Alongside her numerous avocations and activities, other hobbies she enjoyed included motoring and travel. She spent her summers in the Adirondacks in Upper Jay, Essex Country, New York, where she was the president of the Essex Country Garden Club.

==Women's rights==
She was a member of the National Woman's Party, and became its chair in 1949. The organization worked for the right for women to vote via the Nineteenth Amendment to the Constitution and for the Equal Rights Amendment, which Wells spoke about to the subcommittee on Constitutional Amendments of Congress in 1945.

Under Wells' authority, the National Woman's Party fought for a revision of the Nineteenth Constitutional Amendment. This revision was that “Equality of rights under the law shall not be denied or abridged by the United States or by any state on account of sex. Congress and the several states shall have power, within their respective jurisdictions, to enforce this article by appropriate legislation”. This constitutional amendment to guarantee equal rights was deemed unsuccessful in 1950 when, despite receiving a two-thirds favorable vote in the senate (65–19), was unable to reach the House of Representatives and receive ratification.

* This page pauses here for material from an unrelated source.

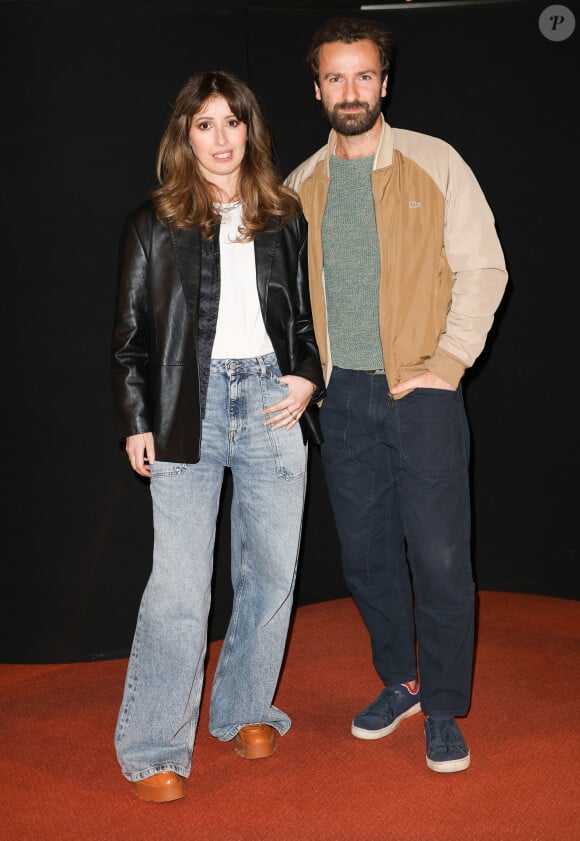 Baya Rehaz et son mari Amaury de Crayencour - Avant-première du film "Je ne suis pas un héros" à UGC Bercy à Paris le 7 novembre 2023. © Coadic Guirec / Bestimage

In her acceptance speech as the new chairman of the National Woman's party in 1949, she described how astounded she was by the idea that few people knew about the past century's legislation that deemed women as “not persons” and, therefore, not entitled to the same rights as men. Her argument against advocates of the idea that “a woman belonged in the home” was that it overlooked the unmarried woman who, without wealth, was otherwise unable to earn her own living. In her opinion, it was time that women confronted the situations in which they were being restricted because of their sex.

In 1951, a portrait bust was presented by the American Society of Achievement Memorials for Women to the National Women's Party in Wells' honor. It now stands among other accomplished women leaders in the National Woman's Party Fine Art Collection in Washington, D.C.

==Personal life==
She lived with a woman named Lydia Woodbridge, a teacher at Indiana University, who was identified as Well's partner in Bloomington, Indiana. Woodbridge was assistant dean of woman and a professor of French. When Wells retired as dean, Woodbridge also stepped down as assistant dean and devoted her efforts towards teaching French. Woodbridge died on July 28, 1946, in Bloomington, Indiana, at the age of 70. Soon after her death, Wells wrote in a letter to Anita Pollitzer, an acquaintance in the Party, that her “friend of 41 years and house-companion for 28 years” had just died.

In her later years, she lived with her sister Florence Wells in Saginaw, Michigan. She died there after a long illness in St. Luke's Hospital on July 7, 1959. In 1971, she was inducted into the Saginaw Hall of Fame.

== Selected published works ==
Wells, Agnes E. A Study of the Relative Proper Motions and Radial Velocities of Stars in the Pleiades Group, University of Michigan, 1924.